* _Records for this task_
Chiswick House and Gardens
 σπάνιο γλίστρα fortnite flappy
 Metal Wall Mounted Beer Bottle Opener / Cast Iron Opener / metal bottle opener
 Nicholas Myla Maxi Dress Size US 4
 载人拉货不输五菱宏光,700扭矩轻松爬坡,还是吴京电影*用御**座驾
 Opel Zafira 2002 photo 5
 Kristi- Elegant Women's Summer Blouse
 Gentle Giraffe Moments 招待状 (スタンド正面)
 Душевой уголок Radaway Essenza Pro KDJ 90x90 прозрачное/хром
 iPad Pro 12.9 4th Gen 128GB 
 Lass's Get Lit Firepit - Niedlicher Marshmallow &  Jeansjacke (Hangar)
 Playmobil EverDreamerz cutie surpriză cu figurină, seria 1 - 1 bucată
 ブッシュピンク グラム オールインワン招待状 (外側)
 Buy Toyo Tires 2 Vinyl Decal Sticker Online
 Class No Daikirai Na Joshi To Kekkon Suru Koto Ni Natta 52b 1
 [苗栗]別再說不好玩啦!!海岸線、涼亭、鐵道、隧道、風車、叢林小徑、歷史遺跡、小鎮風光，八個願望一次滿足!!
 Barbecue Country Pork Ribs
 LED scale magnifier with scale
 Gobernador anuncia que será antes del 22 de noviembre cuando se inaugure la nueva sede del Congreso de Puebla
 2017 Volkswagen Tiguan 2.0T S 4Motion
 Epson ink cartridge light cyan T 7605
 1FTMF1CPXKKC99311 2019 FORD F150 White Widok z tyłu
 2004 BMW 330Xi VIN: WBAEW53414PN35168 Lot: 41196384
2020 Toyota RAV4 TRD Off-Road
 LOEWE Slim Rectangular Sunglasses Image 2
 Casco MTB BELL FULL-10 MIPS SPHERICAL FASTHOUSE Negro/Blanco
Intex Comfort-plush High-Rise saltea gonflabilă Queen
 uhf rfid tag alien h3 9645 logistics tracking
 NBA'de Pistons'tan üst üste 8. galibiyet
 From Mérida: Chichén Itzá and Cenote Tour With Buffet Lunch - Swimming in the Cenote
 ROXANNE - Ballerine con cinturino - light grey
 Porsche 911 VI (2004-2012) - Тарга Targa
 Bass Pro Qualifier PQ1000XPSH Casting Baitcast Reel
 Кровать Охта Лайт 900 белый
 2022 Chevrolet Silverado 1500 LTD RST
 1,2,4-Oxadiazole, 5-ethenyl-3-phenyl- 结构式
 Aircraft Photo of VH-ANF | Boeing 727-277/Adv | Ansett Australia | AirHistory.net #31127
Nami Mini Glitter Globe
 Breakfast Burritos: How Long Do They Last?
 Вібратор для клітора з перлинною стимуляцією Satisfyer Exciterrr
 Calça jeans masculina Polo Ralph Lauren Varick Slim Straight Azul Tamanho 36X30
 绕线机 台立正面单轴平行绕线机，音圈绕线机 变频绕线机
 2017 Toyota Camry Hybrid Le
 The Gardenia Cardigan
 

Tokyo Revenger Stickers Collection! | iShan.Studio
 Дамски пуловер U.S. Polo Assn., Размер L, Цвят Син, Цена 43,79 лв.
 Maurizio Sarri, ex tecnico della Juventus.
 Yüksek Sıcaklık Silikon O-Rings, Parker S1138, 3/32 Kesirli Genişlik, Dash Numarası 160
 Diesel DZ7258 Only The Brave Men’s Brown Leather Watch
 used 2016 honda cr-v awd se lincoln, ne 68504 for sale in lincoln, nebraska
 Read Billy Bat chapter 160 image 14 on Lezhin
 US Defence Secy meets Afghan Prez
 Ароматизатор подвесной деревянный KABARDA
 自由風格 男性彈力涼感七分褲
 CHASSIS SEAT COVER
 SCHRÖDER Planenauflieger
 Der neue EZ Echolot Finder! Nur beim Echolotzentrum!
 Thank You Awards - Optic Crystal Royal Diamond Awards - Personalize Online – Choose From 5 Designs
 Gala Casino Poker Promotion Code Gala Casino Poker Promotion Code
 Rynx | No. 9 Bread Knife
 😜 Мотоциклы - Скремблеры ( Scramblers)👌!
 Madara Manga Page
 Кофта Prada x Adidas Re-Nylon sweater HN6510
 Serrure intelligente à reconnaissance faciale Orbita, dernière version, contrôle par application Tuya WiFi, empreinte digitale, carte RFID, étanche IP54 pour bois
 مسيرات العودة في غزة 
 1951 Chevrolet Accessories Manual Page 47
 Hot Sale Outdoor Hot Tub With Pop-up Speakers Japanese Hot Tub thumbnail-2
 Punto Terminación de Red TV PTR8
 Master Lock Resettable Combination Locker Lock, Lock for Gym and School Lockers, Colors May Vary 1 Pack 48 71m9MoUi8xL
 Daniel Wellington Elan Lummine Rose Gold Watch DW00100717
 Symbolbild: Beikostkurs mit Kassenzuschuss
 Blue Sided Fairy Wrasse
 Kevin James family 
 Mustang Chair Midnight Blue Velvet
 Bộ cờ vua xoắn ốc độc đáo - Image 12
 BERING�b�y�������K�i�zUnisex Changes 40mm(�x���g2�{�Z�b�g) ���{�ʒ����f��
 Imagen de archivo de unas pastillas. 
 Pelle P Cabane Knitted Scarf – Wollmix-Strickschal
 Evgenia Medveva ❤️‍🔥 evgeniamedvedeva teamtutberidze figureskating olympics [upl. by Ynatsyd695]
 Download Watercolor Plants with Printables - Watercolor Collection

* _Task to complete_
Isolate the lines above that contain the word "light" and copy them.

* _Answer box_
 Epson ink cartridge light cyan T 7605
 ROXANNE - Ballerine con cinturino - light grey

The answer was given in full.